## TRY IT
Give every entry again precisely as it appears.
##########
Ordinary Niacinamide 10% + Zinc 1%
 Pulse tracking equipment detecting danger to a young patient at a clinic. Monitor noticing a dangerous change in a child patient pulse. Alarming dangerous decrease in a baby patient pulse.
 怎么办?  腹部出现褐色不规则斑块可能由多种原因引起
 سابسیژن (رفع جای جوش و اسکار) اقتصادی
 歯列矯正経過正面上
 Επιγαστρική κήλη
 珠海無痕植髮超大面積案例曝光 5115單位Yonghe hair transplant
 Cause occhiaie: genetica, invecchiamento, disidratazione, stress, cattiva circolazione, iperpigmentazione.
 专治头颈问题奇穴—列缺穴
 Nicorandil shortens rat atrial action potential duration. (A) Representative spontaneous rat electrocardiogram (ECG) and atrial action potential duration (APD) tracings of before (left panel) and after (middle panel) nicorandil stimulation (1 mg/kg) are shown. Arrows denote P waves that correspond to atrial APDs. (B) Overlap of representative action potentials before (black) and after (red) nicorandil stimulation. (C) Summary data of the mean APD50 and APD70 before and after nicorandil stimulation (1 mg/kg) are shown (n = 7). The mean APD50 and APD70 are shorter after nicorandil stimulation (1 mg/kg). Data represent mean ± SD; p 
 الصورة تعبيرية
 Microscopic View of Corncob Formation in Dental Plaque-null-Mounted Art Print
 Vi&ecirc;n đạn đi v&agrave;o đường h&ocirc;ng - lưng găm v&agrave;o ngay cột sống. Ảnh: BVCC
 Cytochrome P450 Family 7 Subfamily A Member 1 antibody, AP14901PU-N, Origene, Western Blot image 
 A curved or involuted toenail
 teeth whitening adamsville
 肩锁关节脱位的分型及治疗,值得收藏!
##########
## COMPLETED TASK
Ordinary Niacinamide 10% + Zinc 1%
 Pulse tracking equipment detecting danger to a young patient at a clinic. Monitor noticing a dangerous change in a child patient pulse. Alarming dangerous decrease in a baby patient pulse.
 怎么办?  腹部出现褐色不规则斑块可能由多种原因引起
 سابسیژن (رفع جای جوش و اسکار) اقتصادی
 歯列矯正経過正面上
 Επιγαστρική κήλη
 珠海無痕植髮超大面積案例曝光 5115單位Yonghe hair transplant
 Cause occhiaie: genetica, invecchiamento, disidratazione, stress, cattiva circolazione, iperpigmentazione.
 专治头颈问题奇穴—列缺穴
 Nicorandil shortens rat atrial action potential duration. (A) Representative spontaneous rat electrocardiogram (ECG) and atrial action potential duration (APD) tracings of before (left panel) and after (middle panel) nicorandil stimulation (1 mg/kg) are shown. Arrows denote P waves that correspond to atrial APDs. (B) Overlap of representative action potentials before (black) and after (red) nicorandil stimulation. (C) Summary data of the mean APD50 and APD70 before and after nicorandil stimulation (1 mg/kg) are shown (n = 7). The mean APD50 and APD70 are shorter after nicorandil stimulation (1 mg/kg). Data represent mean ± SD; p 
 الصورة تعبيرية
 Microscopic View of Corncob Formation in Dental Plaque-null-Mounted Art Print
 Vi&ecirc;n đạn đi v&agrave;o đường h&ocirc;ng - lưng găm v&agrave;o ngay cột sống. Ảnh: BVCC
 Cytochrome P450 Family 7 Subfamily A Member 1 antibody, AP14901PU-N, Origene, Western Blot image 
 A curved or involuted toenail
 teeth whitening adamsville
 肩锁关节脱位的分型及治疗,值得收藏!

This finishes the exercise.